With its roots in rural England the Fleece Inn celebrates all things traditionally English at any opportunity. During the year the pub hosts various annual festivals the most famous of which is the British Asparagus Festival Day at the end of May. Thousands visit the grounds of the National Trust property situated in the centre of the village of Bretforton to sample some of the local produce and enjoy family entertainment and traditional rural activities. During October the annual Apple and Ale festival takes place sporting over 40 real ales and ciders to sample.

Each Thursday evening is Folk night for the locals in the Pewter room and the Mediaeval Barn situated in the courtyard of the grounds is often graced by some of the most well regarded Folk and Acoustic artists of the modern day, from Breabach to Martin Simpson.

 

Having started life as a farmhouse, the Fleece has seen its share of animal residents, including chickens, goats, cats and dogs, even a cockatoo! Our present pets are Orlando, the elderly pub cat, and Tafarn, the slightly more boisterous puppy!

Dogs are welcomed at the Fleece, there are dog treats behind the bar, water bowls available and we even have two types of Dog Beer!

Read #pubdog Tafarns blog

Dog Friendly Cotswolds

The Book

In 2015 “A Workingman’s Castle”, A history of The Fleece Inn by Christopher Mowbray was published. Available at the bar, via our online shop, local shops and Tourist Information Centres, and Amazon.

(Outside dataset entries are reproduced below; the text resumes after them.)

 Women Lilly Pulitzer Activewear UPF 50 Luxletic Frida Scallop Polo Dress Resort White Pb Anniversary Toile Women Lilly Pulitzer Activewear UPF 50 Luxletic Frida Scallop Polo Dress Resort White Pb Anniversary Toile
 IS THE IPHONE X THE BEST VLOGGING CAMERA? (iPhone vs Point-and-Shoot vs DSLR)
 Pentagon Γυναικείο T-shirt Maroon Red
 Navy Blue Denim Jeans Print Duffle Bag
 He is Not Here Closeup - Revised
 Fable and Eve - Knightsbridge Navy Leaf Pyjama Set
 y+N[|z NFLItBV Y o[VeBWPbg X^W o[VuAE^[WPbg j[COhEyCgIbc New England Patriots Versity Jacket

Written and researched by local journalist and author, Chris Mowbray, with the help and guidance of The Fleece’s landlord, Nigel Smith, the book outlines how the building and its contents represent a unique time capsule which mirrors centuries of rural working class life.

‘A Workingman’s Castle’, unveils the full story of The Fleece Inn and tells how a humble dwelling built as a temporary peasant farmhouse around 1425, eventually became a national treasure attracting visitors from all over the world.

The Book
History

History

The Fleece Inn is without equal in England and has played an enormous part in six centuries of Cotswold history. It was originally built as a longhouse in the time of Chaucer by a farmer named Byrd and remained in the ownership of a single family for virtually the whole time. It has remained largely undisturbed in its architecture since the mid 17th century.

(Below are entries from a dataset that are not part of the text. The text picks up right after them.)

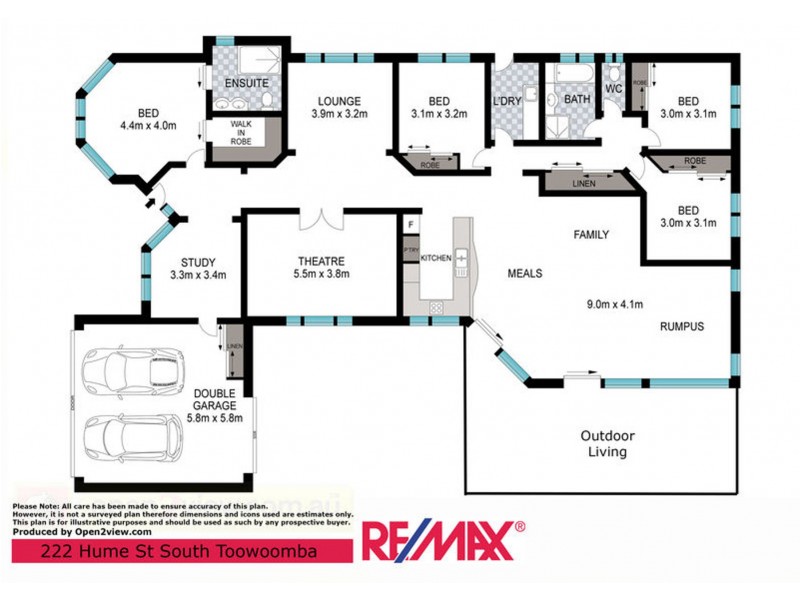 222 Hume Street, South Toowoomba QLD 4350 Floorplan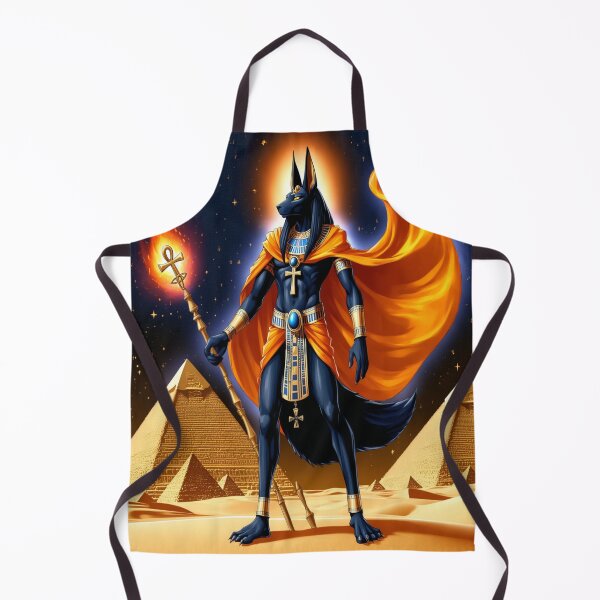 Item preview, Divine Anubis with Flaming Staff: Guardian of the Pyramids designed and sold by eimrobest.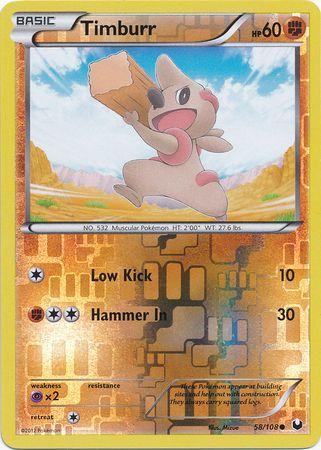 Timburr [Reverse Holo]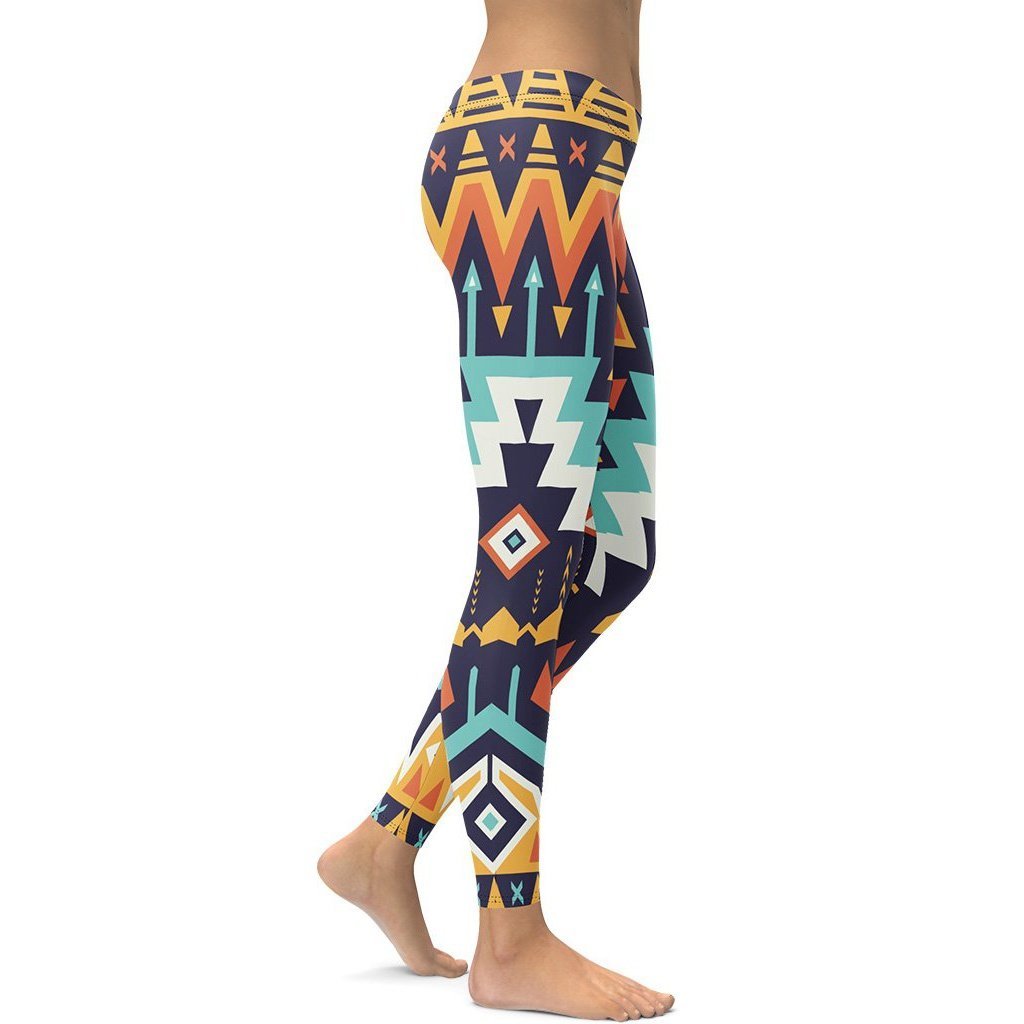 Tribal Print Leggings - Broomfitters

A pub steeped in history like the Fleece has many stories to tell. The building was already 71 years old when the Lancastrians marched by on their way to final defeat in the Wars of the Roses at the Battle of Tewksbury, and it was 200 years old when the Gunpowder Plotters rode past on their ill-fated attempt to blow up Parliament.

But it’s the people who make a pub and its last private owner, Miss Lola Taplin, whose character is most stamped on The Fleece (or ‘The Ark’ as is was known to the local folk). A direct descendent of the man who built the inn, she lived in it for all her 77 years until she passed away in 1977 in front of the fire in the snug. Lola bequeathed the inn to The National Trust making it the first pub in the country to be owned by the charity.

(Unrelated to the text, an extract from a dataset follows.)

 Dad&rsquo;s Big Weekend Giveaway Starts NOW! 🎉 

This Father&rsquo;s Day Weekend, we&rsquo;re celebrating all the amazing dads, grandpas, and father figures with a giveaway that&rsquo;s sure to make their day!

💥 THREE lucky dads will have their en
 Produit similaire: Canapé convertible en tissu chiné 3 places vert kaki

Lola Taplin is fondly remembered in the Fleece and local folklore has it that she still watches over the pub and its people in the incarnation of an owl that sits on the ridge of the thatched barn.

Tragically the Fleece itself nearly passed into history at midday on 27th February 2004, when a spark from a chimney set fire to its thatch and aged timbers. Precious antiques were rescued by the locals while fire fighters tackled the blaze to save the inn from total destruction.

A massive renovation programme followed, the first since the 17th century. The Fleece was carefully restored to retain its integrity and traditional features; the atmosphere and architecture have also remained unchanged. The Pewter collection that has been on open display for over 300 years has been restored and the witch circles repainted, in accordance with local tradition, to prevent witches from entering down the chimneys.